= Yusuf Husain =

Indian historian (1902–1979)

Yusuf Husain Khan (1902–1979) was an Indian historian, scholar, educationist, critic and author. He mastered the languages of Arabic, English, French, Urdu, Hindi and Persian.

==Early life and education==
Born in Hyderabad, India to a cultured and educated family, he was a younger brother of Zakir Husain, the third president of India (1967–1969). He went to school in Etawah. In 1926, he gained his BA from Jamia Millia Islamia, Delhi and in 1930 he gained his D Litt from the University of Paris, France.

==Career==
After returning from Paris in 1930, he assisted Abdul Haq to compile an English-Urdu dictionary and translate scientific terminology into Urdu.

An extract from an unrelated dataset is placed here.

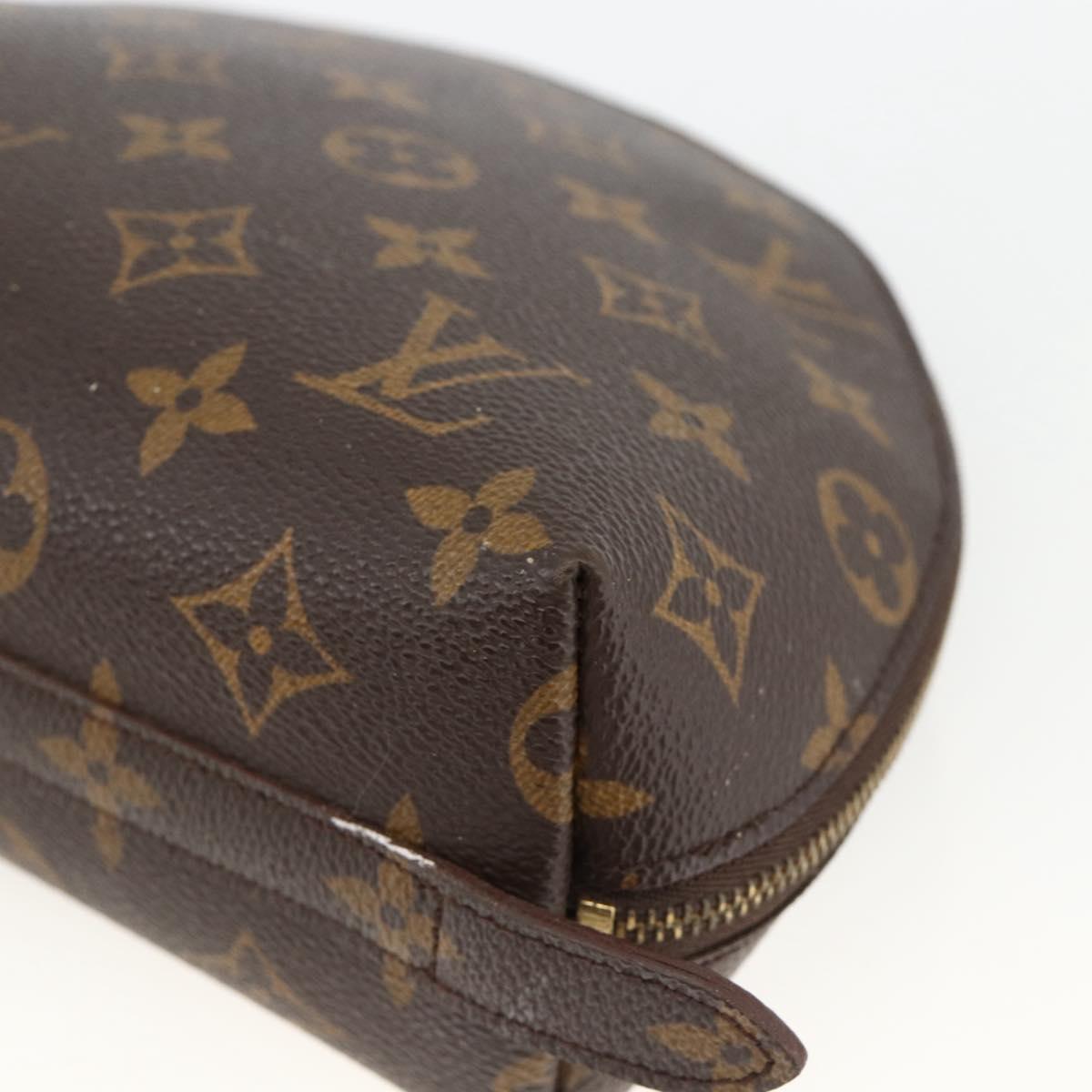 LOUIS VUITTON Monogram Trousse Demi Ronde Cosmetic Pouch M47520 LV Auth ka3231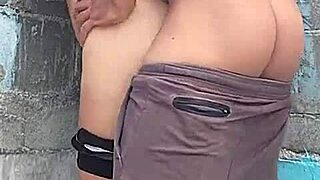 Brunette Neighbor Pinned Against Wall for Intense Amateur Encounter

He joined Osmania University in 1930 as a lecturer and worked there until 1957, when he retired as a professor. He joined Aligarh Muslim University as a Pro-Vice Chancellor and worked there until 1965.

==Books==
- Tarikh-e-Hind (Ahd e halia). History of India and East India Company until 1939.
- Tarikh–e–Deccan (Ahd e halia). History of Deccan.
- Mudabadi e umraniat (translation from French)
- Rooh e Iqbal
- Urdu Gazal
- Hasrat ki shairi
- Fransisi adab (an analysis of French literature and language )
- Ghalib aur ahang e Ghalib (1971)
- Urdu gazals of Ghalib (1975)
- Persian ghazals of Ghalib (1976)
- Hafiz aur Iqbal (1976),

===English books===
- The first Nizām; the life and times of Nizāmu'l-Mulk Āsaf Jāh I (1963)

==Awards==
The Government of India awarded Khan the Padma Bhushan, the third highest civilian award, in 1977. He received the Sahitya Academy Award in 1978 for his book, Hafiz aur Iqbal, which was published in 1976.